Last week, a nun who worked at now-shuttered Holy Family school in Chicago where McCormack said weekly mass told the Chicago Sun-Times that in 2000 she informed a Chicago Catholic Schools official — both verbally and in a letter hand-delivered to him — that McCormack had told a fourth-grader, who wanted to be an altar boy, to pull down his pants when the two were alone in the sacristy. Her warnings went unheeded, she says.

When asked about the nun's story, George said archdiocesan officials had not been able to locate the letter, and that there were conflicting accounts of what exactly was said in the conversations she had with her superior in the Catholic schools office.

'You hope it's not true'

"If the policies were followed at that time, we wouldn't be here today," the cardinal said.

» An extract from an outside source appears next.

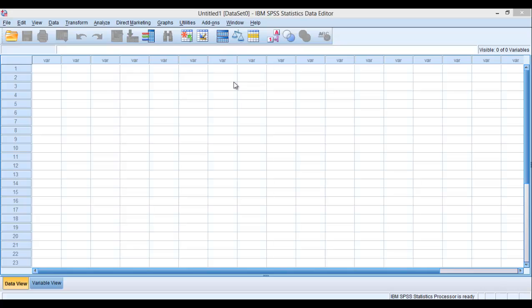In this video, I will just give you a brief introduction of SPSS.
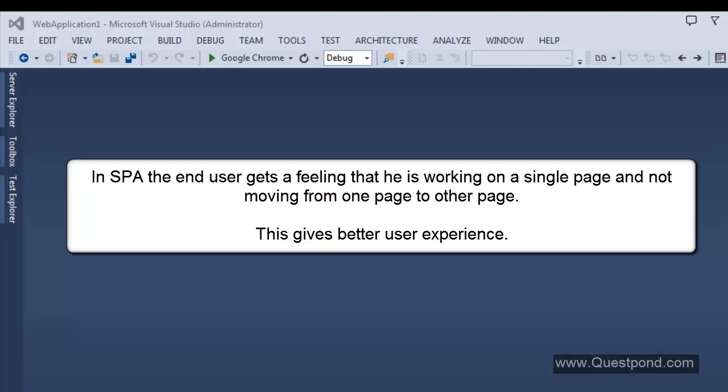In a single page application, the end user will get an impression that there is only one page. Everything will happen on one page. There will not be any refresh involved. If the user clicks on something, something will happen on the page but there will not be any refresh. But in the background, when a developer creates such an application, they create multiple UIs and multiple code blocks and apply some logic to bring the appearance of a single page application.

But he quickly added, "She deserves great credit. . . . We were in the year 2000. This was before Dallas [in 2002 when the U.S. bishops drafted their zero-tolerance policy for clergy abuse] and people were just getting used to modified rules about reporters — who has to report and who doesn't."

Does he think McCormack is guilty of the allegations against him?

"I think it wouldn't be right for me to say that," George answered. "I've been here for eight years and he's a priest whose reputation was sterling. . . . To find out, as I have, that there is another side to him, is a learning experience which is very sad, and very necessary for the protection of children."

A few minutes later, the cardinal said sadly, "Each time you hope it's not true. And more often than not, it turns out to be true."